▶ ABOUT THIS EXERCISE
Transcribe the full listing without changing a word, and omit its pictures.

▶ PROVIDED DATA
+---+

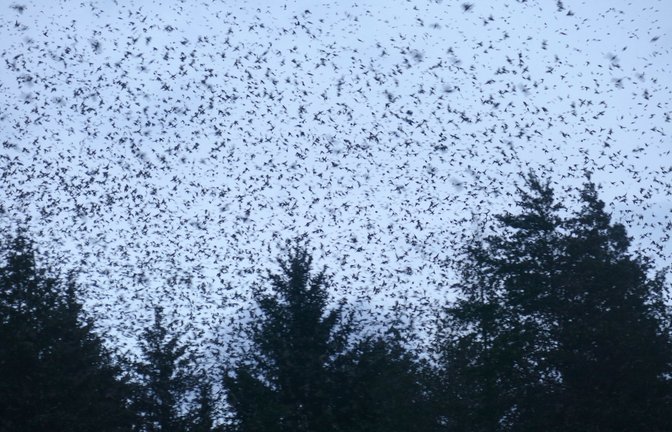 Der Himmel ist fast zu klein für die vielen Finken.<span class='image-autor'>Foto: Schöll/Thorsten Schöll</span>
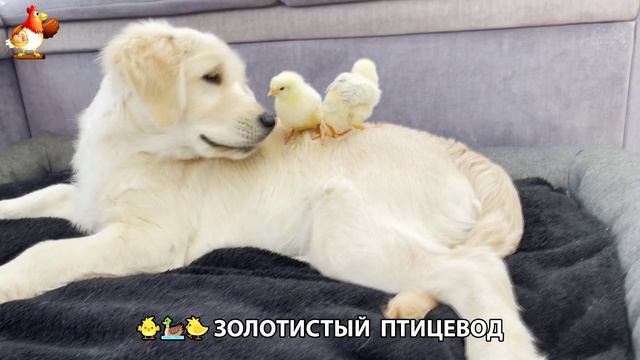 Щенок с цыплятами и утятами 🐤🦆🐶 Золотистый ретривер птицевод ❣️🥰😂 (2)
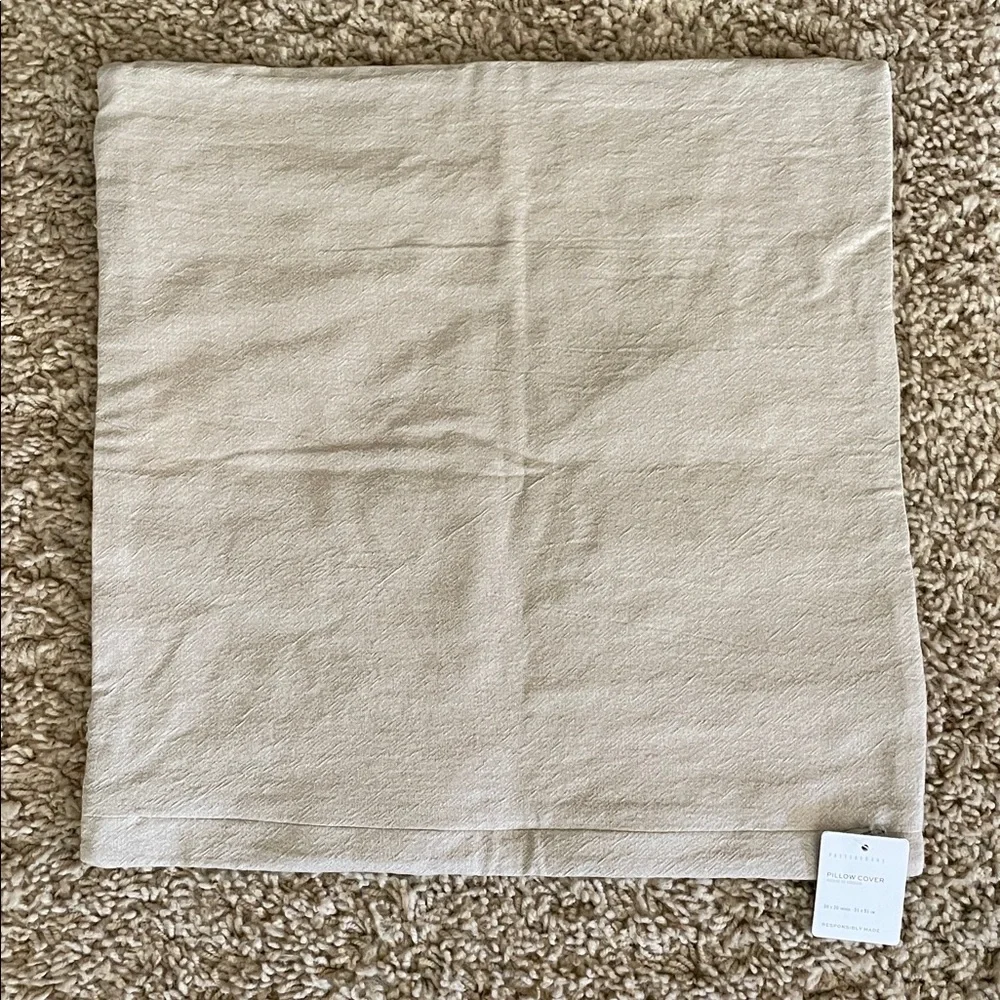 Pottery Barn Paisley Pillow Cover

+---+

▶ RESULT OF THIS TASK
 Der Himmel ist fast zu klein für die vielen Finken.<span class='image-autor'>Foto: Schöll/Thorsten Schöll</span>
 Щенок с цыплятами и утятами 🐤🦆🐶 Золотистый ретривер птицевод ❣️🥰😂 (2)
 Pottery Barn Paisley Pillow Cover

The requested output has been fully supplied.